Лукин понимал, что тон его ответной телеграммы не понравится Тимошенко. Он пытался успокоиться. Что, в сущности, вывело его из равновесия? Оскорбила позиция «кнута и пряника»? Пожалуй. Но Лукин почувствовал что-то большее в своем поступке. И он вдруг подумал: а смог бы в таком тоне разговаривать с большим начальником в мирное время, перед войной? Даже самому себе было трудно сразу ответить на этот вопрос. И все же признался — вряд ли. А признавшись себе в этом, заспешил найти ответ, скорее, даже оправдание: почему? Неужели вопреки своей твердой убежденности, вере в неизбежную справедливость все же подспудно действовал проклятый страх, рожденный тридцать седьмым годом? И всплыли воспоминания — сумбурно, отрывисто, словно освещенные мгновенной вспышкой. Разве верил тогда он в предательство Якира, в «заговор» Тухачевского? Не верил, а что мог поделать?
Почему же сейчас Лукин решился на такую дерзость? Именно сейчас, когда армия живет под впечатлением суровой расправы над Павловым, Климовских… Не вызовет ли его дерзость подобную реакцию? Оснований хватит. Ставка, фронт требуют ни в коем случае не оставлять Смоленск, а почти весь город у немцев.
Телеграфист отстучал телеграмму, и, возможно, она легла уже на стол Тимошенко. Сказанного не вернешь…
И не надо возвращать. Хватит страхов! В конце концов его собственная судьба может решиться независимо от тона ответной телеграммы. Можно погибнуть и здесь, в Смоленске, раздавленном танковыми клещами…
Конечно, первый же звонок Главкома вызвал у Лукина некоторую тревогу. Но волнение оказалось напрасным. В тоне маршала вовсе не чувствовалось недовольства, а тем более угроз. Очевидно, Тимошенко понимал, что дело не в Лукине, Лобачеве или Шалине. Он даже намеком не напомнил о недавних своих грозных требованиях. Маршал внимательно выслушал Лукина, вникал в обстановку, подбадривал, давал советы, обещал помочь танками и авиацией.
Лукин успел мельком подумать, что взаимопонимание — великое дело. Обида, тяжелым комом лежавшая на сердце, постепенно улетучивалась, уступая место деловому настрою. Угроз он никогда не боялся, а на доброту был особенно чуток и отзывчив.

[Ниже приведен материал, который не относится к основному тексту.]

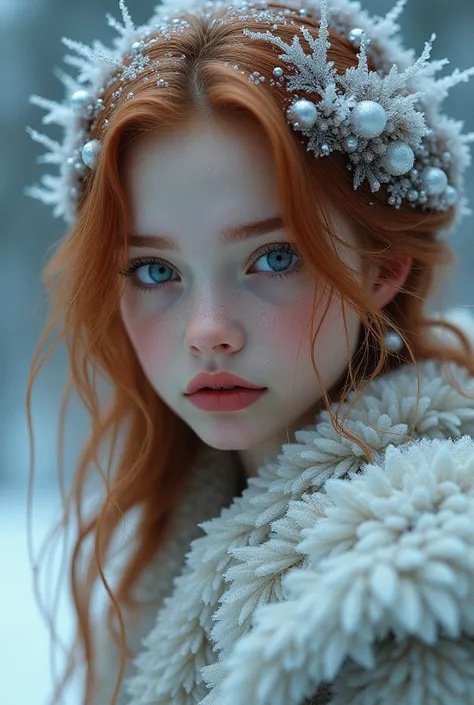 Make me a picture of a girl with reddish-brown hair that is not visible from her appearance to her hair and back and her hair has ice crystals and the place around her is also full of snow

Он вспомнил, что надо сказать Главкому о Малышеве, о несправедливом обвинении, предъявленном ему, в самовольном взрыве мостов, и настоятельно просил Тимошенко разобраться. Тот обещал…

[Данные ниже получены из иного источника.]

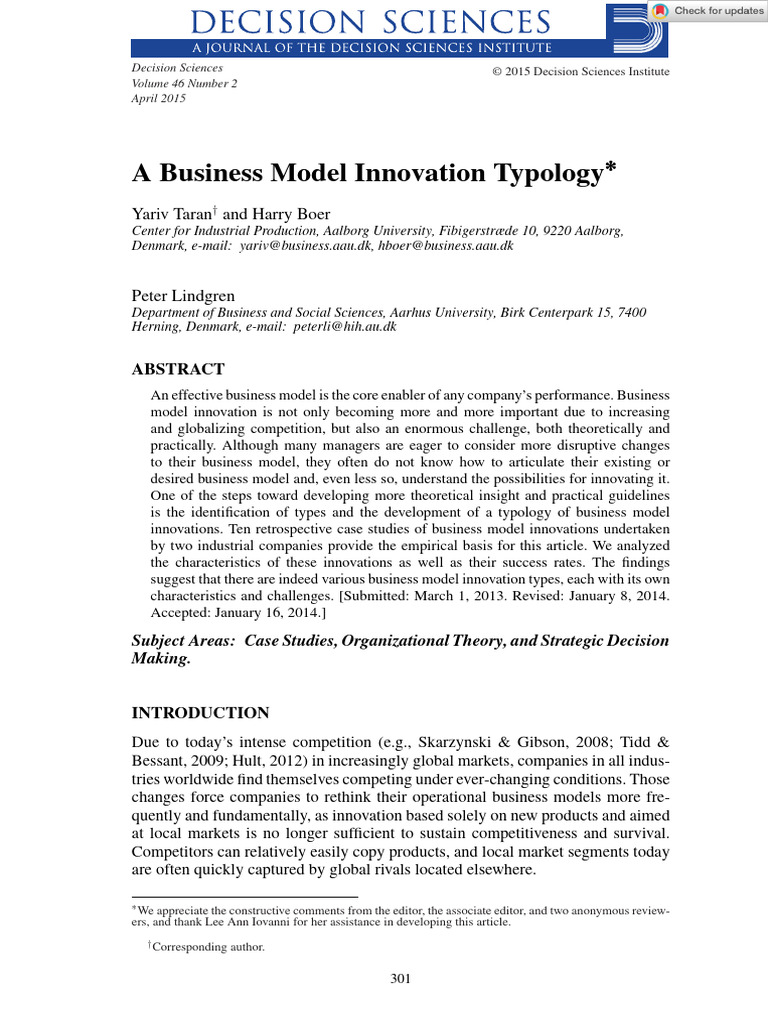 Decision Sciences - 2015 - Taran - A Business Model Innovation Typology ...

Уже в который раз командарм слышал обещания маршала помочь! Но ни людей, ни боеприпасов, ни тем более танков и авиации войска в Смоленске не получали. Единственное, чем помог Главком, — приказал снабжать их по воздуху. Самолеты сбрасывали боеприпасы и продовольствие на позиции наших войск. Но для армии, ведущей непрерывные бои, это была капля в море.
К концу дня 18 июля накал уличных боев в Смоленске немного спал. Нет, бои не прекращались, но, возможно, чуть поутихла ярость. Противоборствующие стороны, как два боксера на ринге, после ближнего боя отступили на шаг, чтобы перевести дыхание и сосредоточиться перед новой схваткой.
И природа словно почувствовала эту передышку. Изнуряющий зной ослабел. Солнце, устав глядеть на огненный ад, опустилось за далекий горизонт. А с востока в ширину всего горизонта на городские холмы быстро надвигались тучи, словно чья-то торопливая рука задергивала полог на густеющем небе, пряча едва мерцающие первые звезды. Сверху облака еще освещались далеким солнцем и были похожи на чистейший снег, но нижний их слой постепенно темнел, превращаясь из бурого в темно-фиолетовый. Эти фиолетовые тучи грозили вот-вот разразиться дождем. А пока тугой ветер, как разведчик, расчищал путь приближающейся грозовой лавине. Он сначала робко, порывами, хлестал по верхушкам сосен, а потом всей силой обрушился на встревоженные деревья. Издалека уже доносились звуки грома. По приглушенным долгим раскатам их можно было отличить от орудийной канонады.